→ **Problem description**
Please return the lines, both ends included, that run from the one containing "Orë për meshkuj" to the last line of the data below, exactly and alone.

→ **Source material**
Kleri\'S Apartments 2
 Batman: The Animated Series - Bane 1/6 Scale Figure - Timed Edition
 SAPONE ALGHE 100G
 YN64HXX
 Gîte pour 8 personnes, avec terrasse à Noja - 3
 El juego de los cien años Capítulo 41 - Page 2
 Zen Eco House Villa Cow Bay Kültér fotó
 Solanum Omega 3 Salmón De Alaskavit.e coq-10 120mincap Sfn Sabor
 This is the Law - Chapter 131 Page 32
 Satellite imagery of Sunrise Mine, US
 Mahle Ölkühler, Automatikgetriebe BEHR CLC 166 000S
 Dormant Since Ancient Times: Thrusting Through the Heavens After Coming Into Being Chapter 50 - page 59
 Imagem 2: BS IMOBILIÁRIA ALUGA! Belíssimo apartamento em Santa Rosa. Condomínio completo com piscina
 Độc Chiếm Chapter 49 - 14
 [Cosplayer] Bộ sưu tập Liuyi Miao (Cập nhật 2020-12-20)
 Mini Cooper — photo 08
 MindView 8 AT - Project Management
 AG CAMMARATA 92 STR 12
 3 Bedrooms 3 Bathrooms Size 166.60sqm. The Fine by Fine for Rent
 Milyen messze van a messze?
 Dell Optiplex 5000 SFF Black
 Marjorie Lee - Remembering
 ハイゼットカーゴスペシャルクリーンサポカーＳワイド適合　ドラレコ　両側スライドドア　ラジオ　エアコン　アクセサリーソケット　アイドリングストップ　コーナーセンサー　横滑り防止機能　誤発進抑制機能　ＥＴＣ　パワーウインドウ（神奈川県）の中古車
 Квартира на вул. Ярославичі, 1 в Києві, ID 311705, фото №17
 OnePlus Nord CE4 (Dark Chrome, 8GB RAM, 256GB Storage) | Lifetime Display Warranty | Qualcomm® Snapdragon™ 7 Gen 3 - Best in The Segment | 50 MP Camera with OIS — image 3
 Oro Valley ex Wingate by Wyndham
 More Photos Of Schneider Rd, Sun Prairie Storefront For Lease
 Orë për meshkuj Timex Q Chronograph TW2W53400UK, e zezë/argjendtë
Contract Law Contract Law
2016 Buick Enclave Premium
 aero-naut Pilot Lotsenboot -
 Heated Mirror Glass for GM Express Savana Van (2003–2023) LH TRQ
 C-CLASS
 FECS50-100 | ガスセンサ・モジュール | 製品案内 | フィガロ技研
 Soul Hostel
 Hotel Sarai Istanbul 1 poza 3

→ **Written response**
 Orë për meshkuj Timex Q Chronograph TW2W53400UK, e zezë/argjendtë
Contract Law Contract Law
2016 Buick Enclave Premium
 aero-naut Pilot Lotsenboot -
 Heated Mirror Glass for GM Express Savana Van (2003–2023) LH TRQ
 C-CLASS
 FECS50-100 | ガスセンサ・モジュール | 製品案内 | フィガロ技研
 Soul Hostel
 Hotel Sarai Istanbul 1 poza 3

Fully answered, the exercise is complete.